This post is part of an ongoing blog series examining predictions and recommendations for cybersecurity in 2018.
After a series of high-profile attacks against its members in 2016, the Society for Worldwide Interbank Financial Telecommunication (SWIFT) established a Customer Security Controls Framework that includes a set of 16 mandatory controls. SWIFT requires self-attestations to be completed by the end of 2017. These will be made available to SWIFT counterparties in support of the transparent exchange of security status information. Without going out on a limb, my prediction is that some SWIFT members will not be able to comply with all mandatory controls by that deadline.
That being said, my recommendation for financial institutions is to incorporate the best practices for cyber hygiene found in the SWIFT mandatory controls into your overarching security program. Avoid the temptation to treat the SWIFT controls as “one-offs” to be addressed separately. Integrating them into your cybersecurity program will provide a more holistic approach and enable you to ensure ongoing compliance.
The SWIFT mandatory security controls can be viewed as measures of good cyber hygiene for their members. I won’t cover all 16 here, but I will highlight a few to provide some flavor for the controls.

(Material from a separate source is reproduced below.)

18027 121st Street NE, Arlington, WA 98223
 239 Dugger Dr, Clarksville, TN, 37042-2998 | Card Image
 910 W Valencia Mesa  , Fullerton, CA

The two most recently publicized attacks on SWIFT members occurred in October 2017 (Taiwan and Nepal). Prior to these, there was an attack in December 2016 (Turkey). Although one could say the pace of attacks against SWIFT members has slowed from the peak seen in mid-2016, it would not be prudent to ignore the recommended security controls. Whether or not you are a SWIFT customer, ensuring that basic cyber hygiene is part of your overall security program is well worth the time and effort.